E no Habeas Copus fiz carreira aos fins de tarde. Bastava sair do escritório, na Mílton de Oliveira, e me abancar por horas a fio para desfrutar dos bons artigos para beber e comer, desfrutando de um serviço perfeito. E os temas das conversas, então, eram pra lá de interessantes. Enquanto os parceiros não chegavam olhávamos para o casal da casa em frente praticando o Cooper em volta de sua residência enquanto bebíamos. Aos domingos, as visitas eram ao Juvená, em Itapoã; e Boaventura, no Stiep.

Foi no Habeas Copus que tive a oportunidade de conhecer o engenheiro “Malaca” Bezerra, que assim que chegava das obras, cumprimentava os presentes, bebia os primeiros goles e dizia em alto e bom som: “Hoje minha preocupação é se eu ganhar cem cruzeiros (moeda da época) beber ele todinho, pois se eu deixar para amanhã Delfim Neto só vai deixar eu beber noventa”, dizia jocosamente reclamando da inflação da época.

E ali no Habeas Copus encontrávamos gente variada, inclusive Abelardo Moreira (Bel), de Itabuna, grupos diferentes, porém interessantes, pois o local não era lugar para pessoas sem graça. Sabíamos das novidades mais recentes do governo e particulares, éramos apresentados aos amigos dos amigos, num networking de fazer inveja, na índole da Salvador em metamorfose. A cidade efervescia, mas sem perder o estilo elegante.

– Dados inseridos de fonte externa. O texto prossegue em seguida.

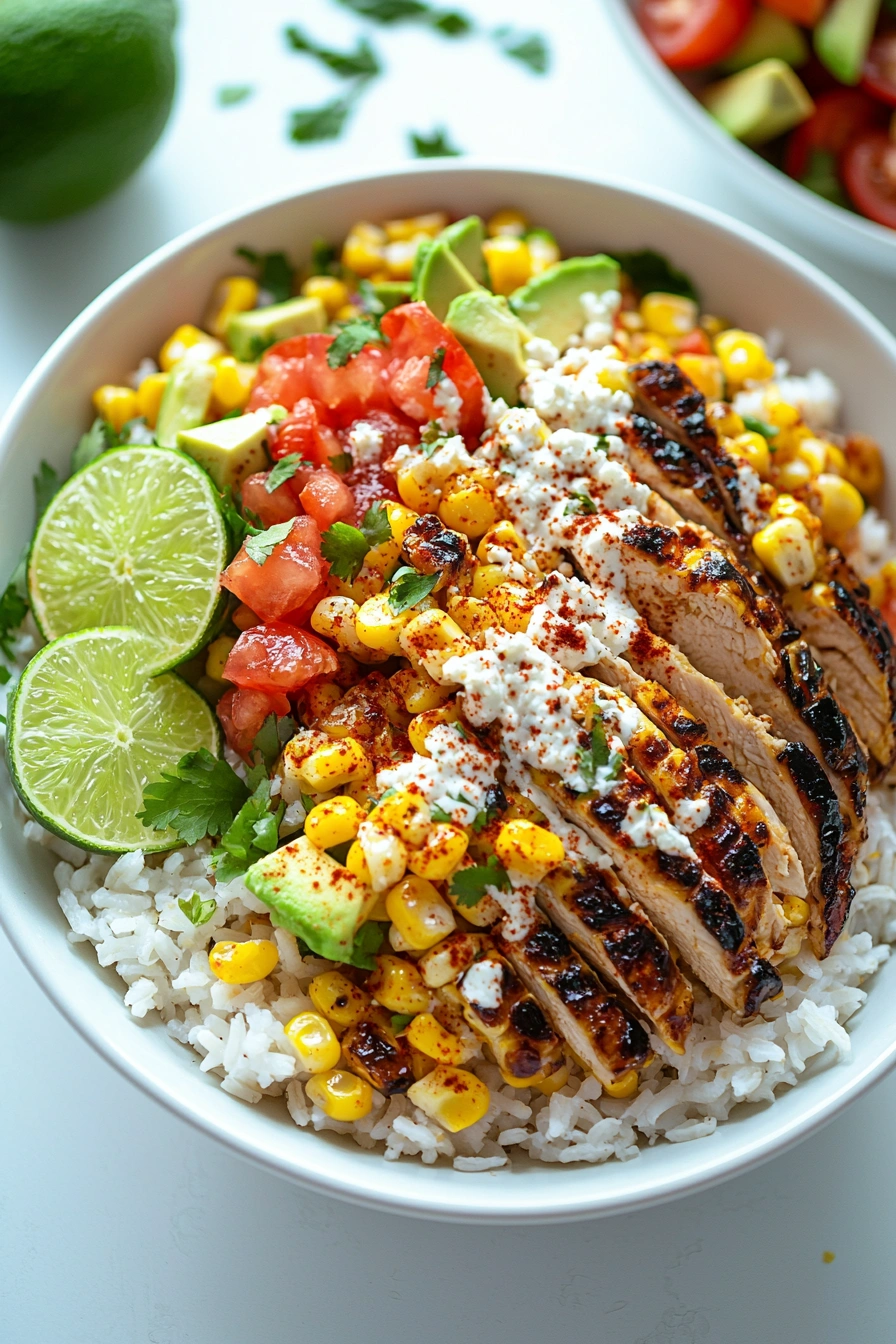 Mexican Street Corn Chicken Bowl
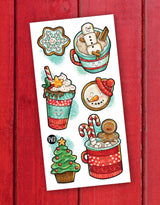 Tatouages temporaires pour enfants - chocolats chauds - Pico Tatoo | Veille sur toi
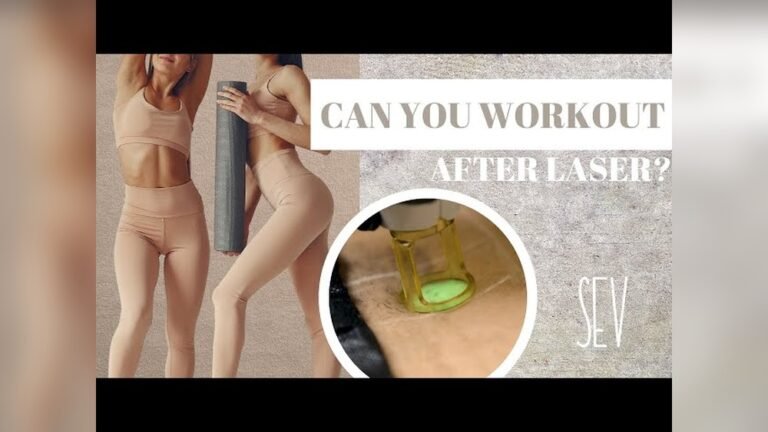 Can You Workout After Laser Hair Removal?
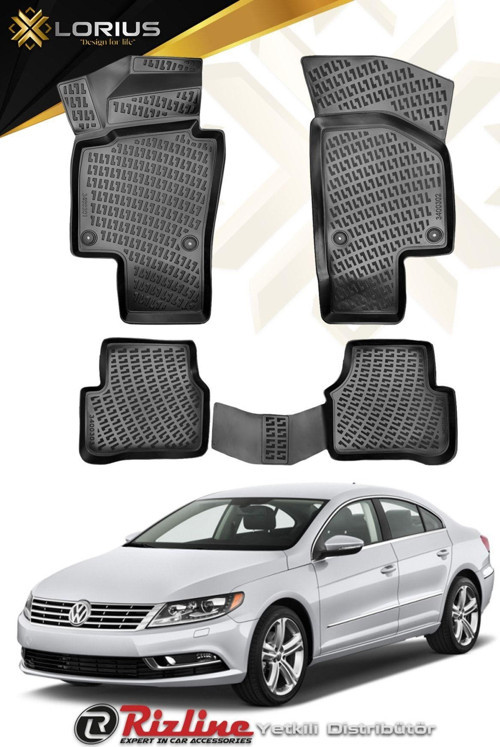 Volkswagen Passat Cc 2012 Sonrası 3d Havuzlu Paspas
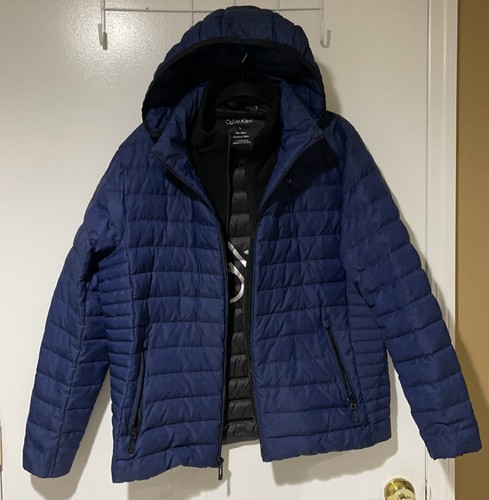 calvin klein puffer jacket the bay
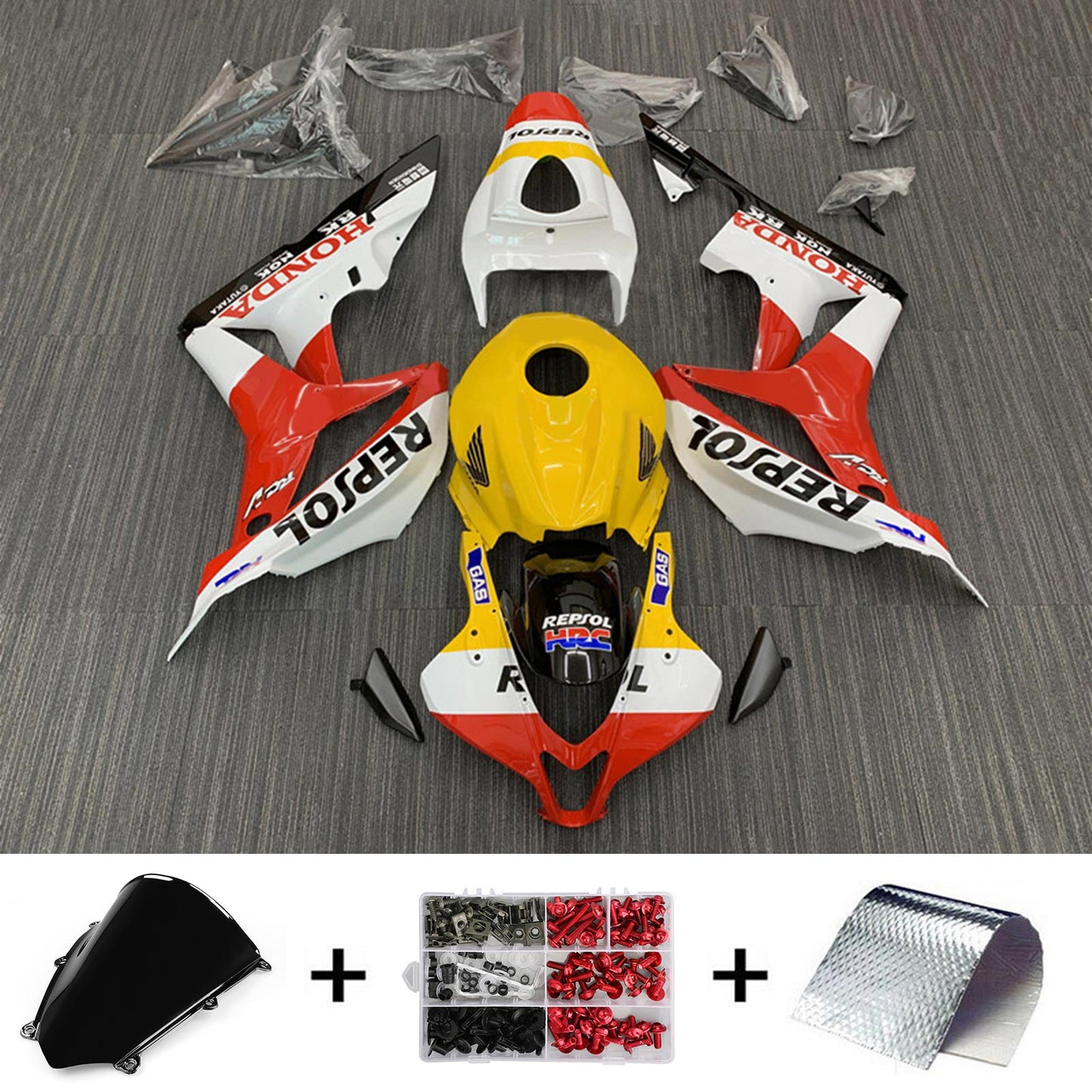 Amotopart Honda CBR600RR 2007–2008 F5 Verkleidungsset, Karosserie, Kunststoff, ABS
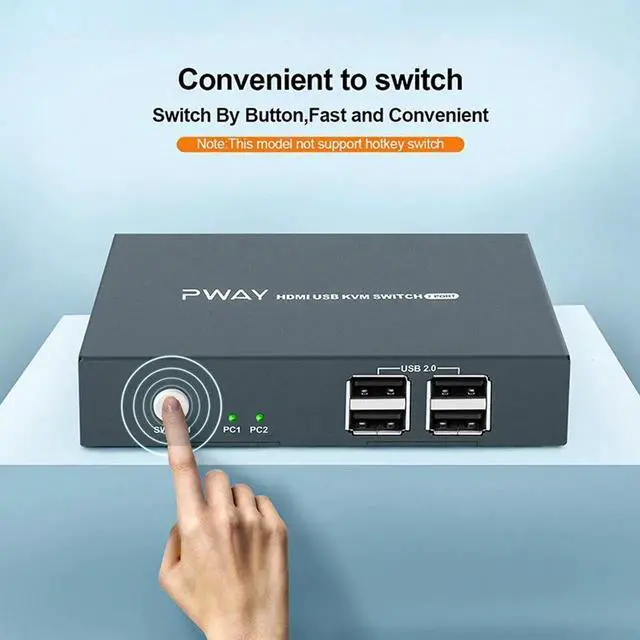 Alt view image 5 of 6 - KVM Switch Support 4K 3D USB Switcher for Xiaomi Mi Box Keyboard Mouse Sharing Display Screen USB Switches hdmi switcher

Àquela época, a amizade e confiança conviviam juntas e as oportunidades surgiam como num passe de mágica, mesmo quando não se esperava ou a pessoa não gozava de prestígio para tanto. Lembro-me que certa feita um “amigo” chega pra outro ao meu lado e informa que tinha conseguido a representação de uma fábrica de cimento e solicita que o apresente ao pessoal das obras do Copene. Passa a ele um cartão para um dos engenheiros e duas semanas depois esse amigo chega bastante eufórico e diz pra nós:
– Obrigado, acabei de vender um trem com cimento. Carga fechada –, comemorou.

Sem que a ficha tivesse caído, brindamos o feito com um parabéns, como se fosse a coisa mais simples do mundo. É a convivência perfeita de boteco, mesmo os sofisticados. Aviso ao confrade José Senna que em breve marcaremos um “culto” desses nos bares em que ele frequenta e um reconhecimento ao Habeas Copus.